In 2010/11 Worker enjoyed his best season on the domestic circuit in all formats. He hit 335 runs at 30.45, with three fifties in the first-class arena, then an impressive 307 runs at 51.16 including his maiden hundred in domestic cricket. In the T20 format, 207 runs at 25.87 and 4 wickets at 10, with an economy rate of 5.71 pushed his name forward for international consideration.

Worker, has not only played Under-19 cricket for New Zealand, but featured for the national Emerging Players side against the touring England Lions in 2009. Later that year, he was part of the same side that played in the Cricket Australia Emerging Players Tournament in Brisbane.

He has also just returned from a success stint abroad, where he played league cricket in Scotland for Stewart's Melville Royal High Cricket Club which culminated in playing in the CB40 competition for Scotland. He was the leading run-scorer for the team in two of his three fixtures.

In the 2016–17 Ford Trophy, Worker scored the most runs in the tournament, with 659 in ten matches.

On 3 June 2018, he was selected to play for the Montreal Tigers in the players' draft for the inaugural edition of the Global T20 Canada tournament.

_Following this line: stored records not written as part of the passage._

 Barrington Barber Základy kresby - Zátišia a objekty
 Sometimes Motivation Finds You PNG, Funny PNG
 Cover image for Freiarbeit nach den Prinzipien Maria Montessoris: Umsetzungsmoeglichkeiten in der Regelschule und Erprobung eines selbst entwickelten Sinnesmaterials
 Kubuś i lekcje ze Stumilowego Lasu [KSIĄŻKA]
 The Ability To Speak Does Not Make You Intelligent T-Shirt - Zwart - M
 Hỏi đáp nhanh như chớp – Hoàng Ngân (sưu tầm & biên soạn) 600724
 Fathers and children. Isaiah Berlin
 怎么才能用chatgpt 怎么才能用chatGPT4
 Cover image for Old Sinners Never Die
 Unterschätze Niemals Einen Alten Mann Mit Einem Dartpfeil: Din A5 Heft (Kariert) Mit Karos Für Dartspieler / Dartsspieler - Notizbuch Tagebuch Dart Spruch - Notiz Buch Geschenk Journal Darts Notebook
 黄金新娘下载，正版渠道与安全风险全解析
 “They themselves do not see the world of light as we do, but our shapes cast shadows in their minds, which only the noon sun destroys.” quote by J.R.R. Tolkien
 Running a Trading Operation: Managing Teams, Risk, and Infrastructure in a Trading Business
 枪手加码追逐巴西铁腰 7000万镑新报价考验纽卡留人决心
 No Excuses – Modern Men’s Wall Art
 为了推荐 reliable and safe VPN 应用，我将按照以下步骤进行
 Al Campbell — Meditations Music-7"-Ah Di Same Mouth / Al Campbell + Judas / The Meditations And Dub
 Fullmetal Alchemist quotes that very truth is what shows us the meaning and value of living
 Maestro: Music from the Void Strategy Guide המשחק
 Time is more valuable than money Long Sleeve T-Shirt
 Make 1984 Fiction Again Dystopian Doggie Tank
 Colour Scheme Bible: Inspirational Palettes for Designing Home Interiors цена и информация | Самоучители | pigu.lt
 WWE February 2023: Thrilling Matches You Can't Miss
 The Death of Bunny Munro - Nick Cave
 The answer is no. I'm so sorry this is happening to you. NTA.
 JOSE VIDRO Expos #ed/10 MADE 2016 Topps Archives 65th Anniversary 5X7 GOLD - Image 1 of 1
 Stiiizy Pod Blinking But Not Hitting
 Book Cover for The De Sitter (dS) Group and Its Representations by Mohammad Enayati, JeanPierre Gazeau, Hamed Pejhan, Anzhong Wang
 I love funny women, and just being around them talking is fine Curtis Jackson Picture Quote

In October 2020, in the second round of the 2020–21 Plunket Shield season, Worker played in his 100th first-class match. In January 2021, in the 2020–21 Super Smash, Worker scored his first century in T20 cricket.

==International career==
Worker was named in 12-men New Zealand's squad for their tour to Zimbabwe in August 2015, after Mitchell Santner was ruled out due to injury. His first international appearance came during the single Twenty20 International on 9 August 2015. He top scored in the match with 62 runs off 38 balls and was the player of the match.

In November 2017, he was added to New Zealand's Test squad for their series against the West Indies.

In May 2018, he was one of twenty players to be awarded a new contract for the 2018–19 season by New Zealand Cricket.